Марья Ивановна Гоголь осмелилась однажды в письме назвать обожаемого Никошу гением. Надо признаться, ей порядком досталось от почтительного сына. Изъявления восторга он переносил еще хуже, чем упреки, советы и насмешки; ведь в похвале таится самонадеянность: кто восхищен, тот не сомневается, что понял. Но чем дороже Гоголю был его замысел, тем несовершенней казалось ему исполнение; пропасть эта с каждым днем все раздвигалась, и он не верил, что его могут понять как должно, и терзался от непонимания, и оскорблялся претензией на понимание:

«…Не судите никогда, моя добрая и умная маминька, о литературеЗнаете ли вы, в какой можно попасть просак… Знаете ли, что в Петербурге, во всем Петербурге, может быть, только человек пять и есть, которые истинно и глубоко понимают искусство, а между тем, в Петербурге есть множество истинно прекрасных, благородных, образованных людей. Я сам, преданный и погрязнувший в этом ремесле, я сам никогда не смею быть так дерзок, чтобы сказать, что я могу судить и совершенно понимать такое-то произведение. Нет, может быть, я только десятую долю понимаю.
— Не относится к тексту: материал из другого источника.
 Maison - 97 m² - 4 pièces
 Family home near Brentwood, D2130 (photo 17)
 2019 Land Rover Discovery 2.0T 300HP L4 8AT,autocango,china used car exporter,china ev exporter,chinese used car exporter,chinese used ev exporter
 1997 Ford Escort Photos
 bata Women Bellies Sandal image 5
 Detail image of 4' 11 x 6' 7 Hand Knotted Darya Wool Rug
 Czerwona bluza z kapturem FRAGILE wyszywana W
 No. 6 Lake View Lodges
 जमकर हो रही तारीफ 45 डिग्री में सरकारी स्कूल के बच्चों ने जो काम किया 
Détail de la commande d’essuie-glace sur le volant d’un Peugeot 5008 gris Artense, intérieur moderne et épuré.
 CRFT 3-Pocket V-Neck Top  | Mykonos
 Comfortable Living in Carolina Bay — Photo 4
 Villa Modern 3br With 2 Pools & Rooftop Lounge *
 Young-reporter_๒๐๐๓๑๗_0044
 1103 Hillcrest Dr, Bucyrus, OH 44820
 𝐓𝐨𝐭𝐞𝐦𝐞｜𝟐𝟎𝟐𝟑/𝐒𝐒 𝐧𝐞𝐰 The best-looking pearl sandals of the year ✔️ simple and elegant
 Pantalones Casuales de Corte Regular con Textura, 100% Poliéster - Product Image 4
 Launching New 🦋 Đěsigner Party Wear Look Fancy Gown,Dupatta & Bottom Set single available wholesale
Итак, не говорите о ней. Если вас спросят – отвечайте, но отвечайте односложно и переменяйте тотчас разговор на другое».

Какое чудное правило! Прямо золотое.

ЗОЛОЧЕНЫЕ ШАРЫ СПРАВЕДЛИВОСТИ

В небе позади них стояло большое облако – настоящая гора! – и на нем Элиза увидала движущиеся исполинские тени одиннадцати лебедей и свою собственную.

X. К. Андерсен

Ханс Кристиан Андерсен прожил семьдесят лет и написал пятьдесят томов. Романы, поэмы, пьесы, очерки стяжали ему европейскую славу. Все они забыты. И сказки Андерсен сочинял во множестве, однако лишь некоторые из них прекрасны. Век прошел, и собрание сочинений превратилось в тоненькую книжку для детей.

Но эти шедевры дошкольной литературы – не все, что осталось от Андерсена. Он создал свой жанр, вернее – образ жанра. Сказка Андерсена – это не только «Дикие лебеди», «Принцесса на горошине» или «Тень». Сказка Андерсена – это сцена воображения, населенная нарядными фигурками, уставленная занятными вещицами, – и музычка разбитая бренчит, летают аисты и ангелы, не умолкает взволнованный тенорок рассказчика, – и обязательно торжествует справедливость!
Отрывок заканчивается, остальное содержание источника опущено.